Solve the Quadratic Inequality: When is -x² + 9 Greater Than Zero?

We begin with the function $y = -x^2 + 9$ and want to find for which values of $x$, $y > 0$.

Step 1: Solve for the roots of the related equation $-x^2 + 9 = 0$.
Rearranging gives: $x^2 = 9$.

Step 2: Solve for $x$.
Taking the square root of both sides gives: $x = \pm 3$.

Step 3: Determine intervals for the inequality $-x^2 + 9 > 0$.
Consider test points in the intervals determined by $x = -3$ and $x = 3$.

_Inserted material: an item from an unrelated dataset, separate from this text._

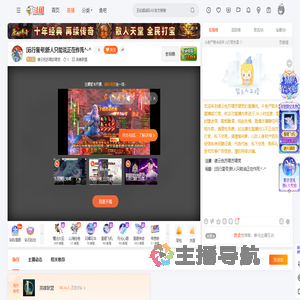 德云色苏喂苏喂党直播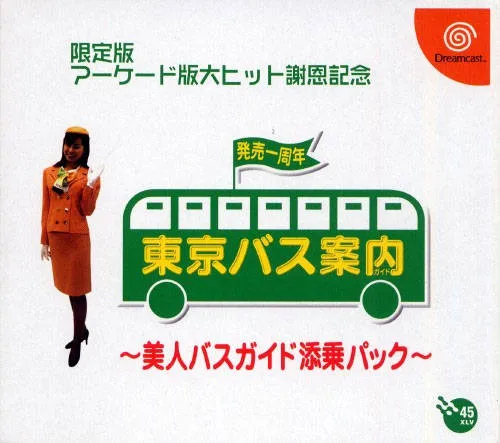 Tokyo Bus Guide (Japan)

• For $x$ in the interval: $(-\infty, -3)$, select $x = -4$.
  Calculate: $y = -(-4)^2 + 9 = -16 + 9 = -7$. Thus, $y < 0$.
• For $x$ in the interval: $(-3, 3)$, select $x = 0$.
  Calculate: $y = -(0)^2 + 9 = 9$. Thus, $y > 0$.
• For $x$ in the interval: $(3, \infty)$, select $x = 4$.
  Calculate: $y = -(4)^2 + 9 = -16 + 9 = -7$. Thus, $y < 0$.

Therefore, $y = -x^2 + 9$ is positive for $x$ values within the interval $-3 < x < 3$.

Therefore, the solution is $-3 < x < 3$.